Veterans' Melancholy

I'm at the V.A. hospital. It's always so heartbreaking here: all these guys with their wheelchairs, their prosthetics, their hollow eyes, and their sad faces. Broken bodies. Broken hearts. Broken minds.

I know I have problems. But I am truly blessed. Thank you, Jesus.

Monday, June 29, 2015

"The spirit of a man will sustain his infirmity, but a wounded spirit who can bear?"

-- Proverbs 18:14

Eva Cassidy - Autumn Leaves



Eva died a few months after this was recorded.

Eva Cassidy - Over The Rainbow



Joy Davidman on the Reality of Christ in our Lives

"For many contemporaries God has dwindled into a noble abstraction, a tendency of history, a goal of evolution; has thinned out into a concept useful for organizing world peace--a good thing as an idea. But not the Word made flesh, who died for us and rose again from the dead. Not a Personality that a man can feel any love for. And not, certainly, the eternal Lover who took the initiative and fell in love with us.
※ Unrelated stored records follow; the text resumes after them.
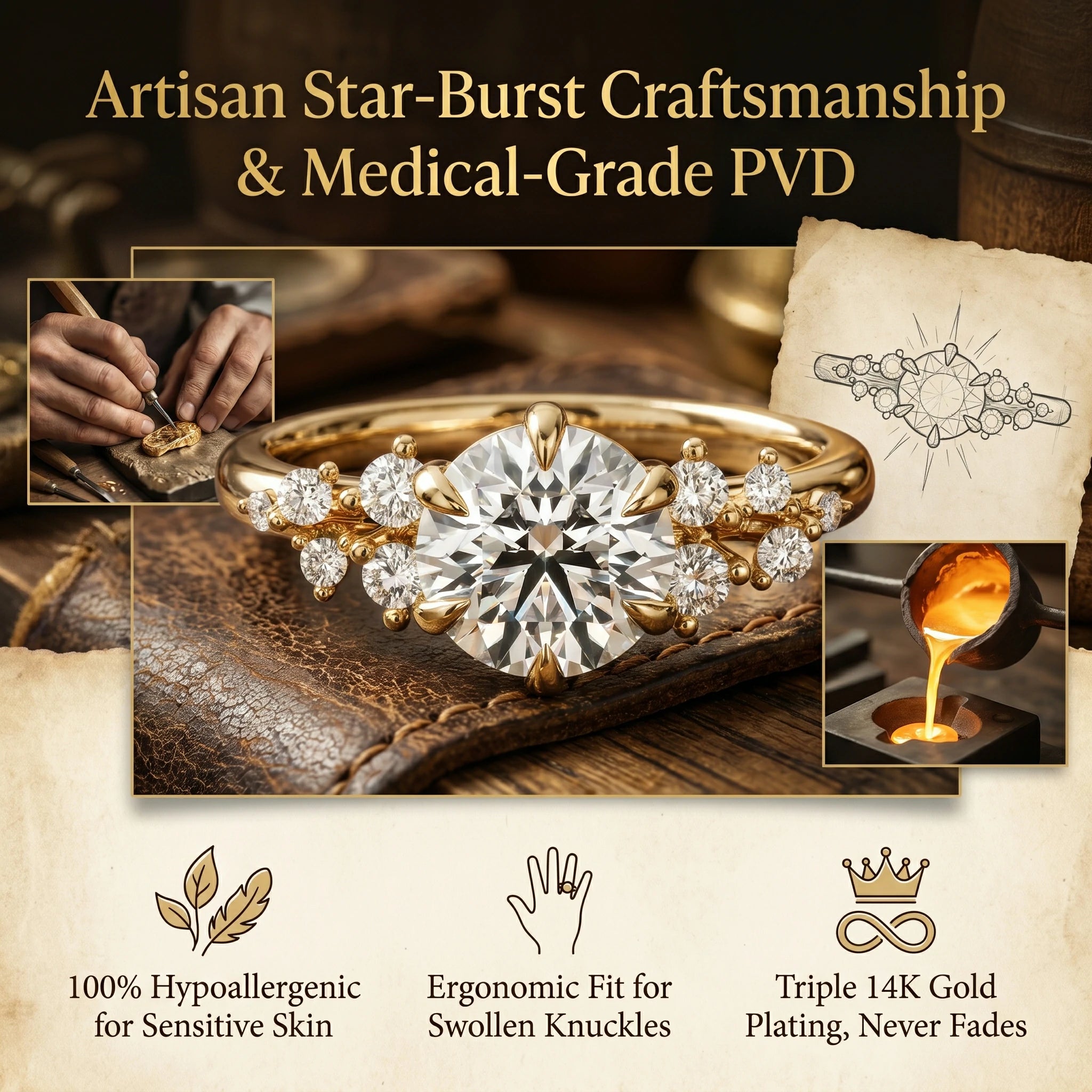 🔥 LAST DAY 90% OFF: Star-Burst Tarnish-Free Flawless VVS1 D-Color Vintage Eternity Ring in 14K Gold Over Silver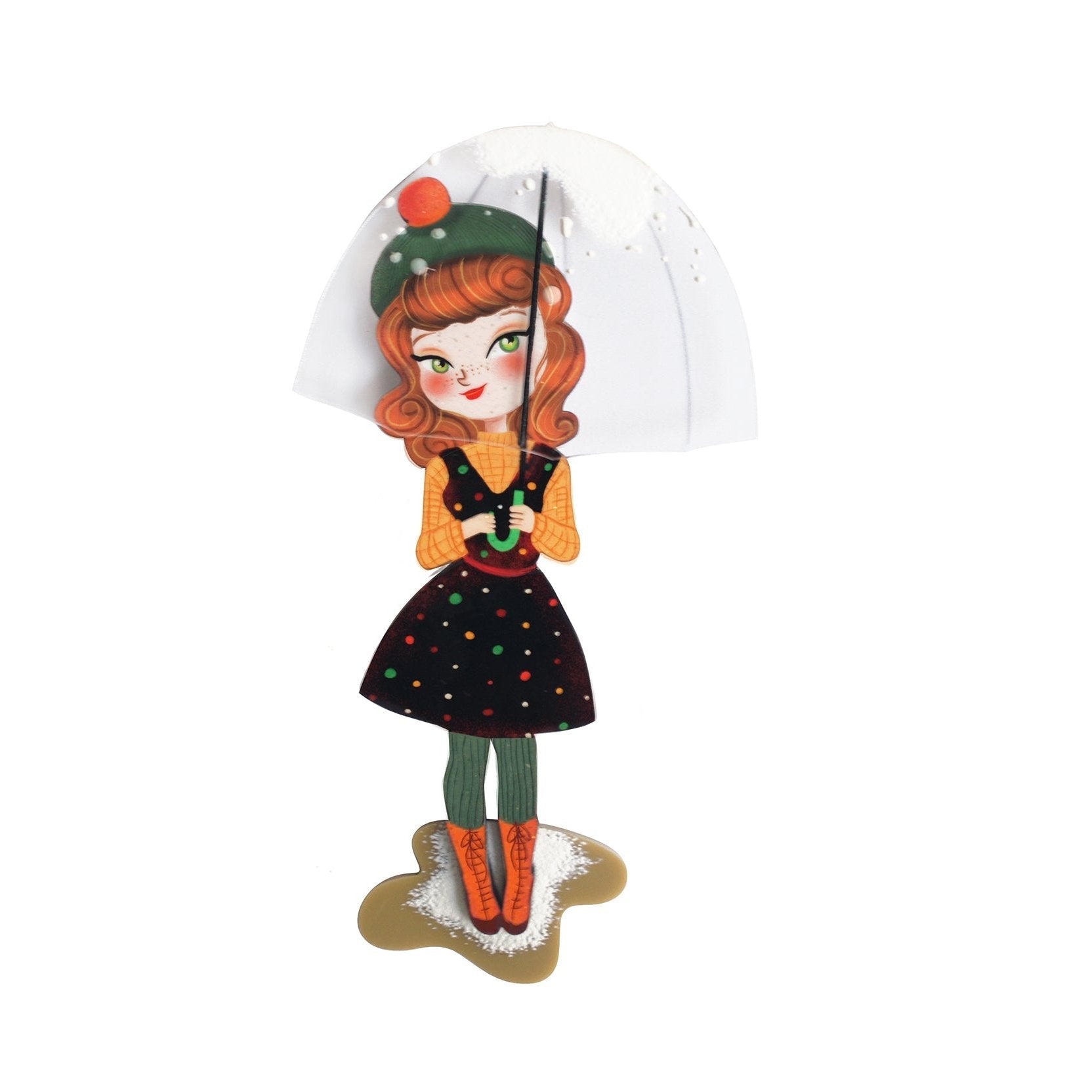 Umbrella Girl Brooch by Laliblue – Retro Kitschy Statement Brooch for Collectors by Quirks! at Shirley Shoppe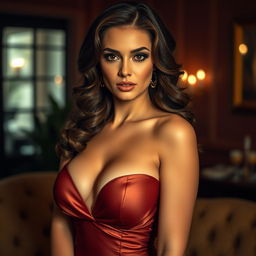 A sultry, alluring woman with captivating eyes, wearing an elegant evening gown that accentuates her curves, exuding an aura of confidence and sophistication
Is it shocking to think of God as a pursuing lover? Then Christianity is shocking. If we accept the supernatural only as something too weak and passive to interfere with the natural, we had best call ourselves materialists and be done with it--we shall gain in honesty what we lose in respectability. Here's a test to tell if your faith is anything more than faith-and-water. Suppose that tonight the Holy Spirit lifts you high into space, speaks a message to your conscience, then invisibly tucks you back into your safe little bed again. Will you consider the possibility that this experience is genuine? Or will you conclude at once that you must be crazy, and start yelling for a psychiatrist?"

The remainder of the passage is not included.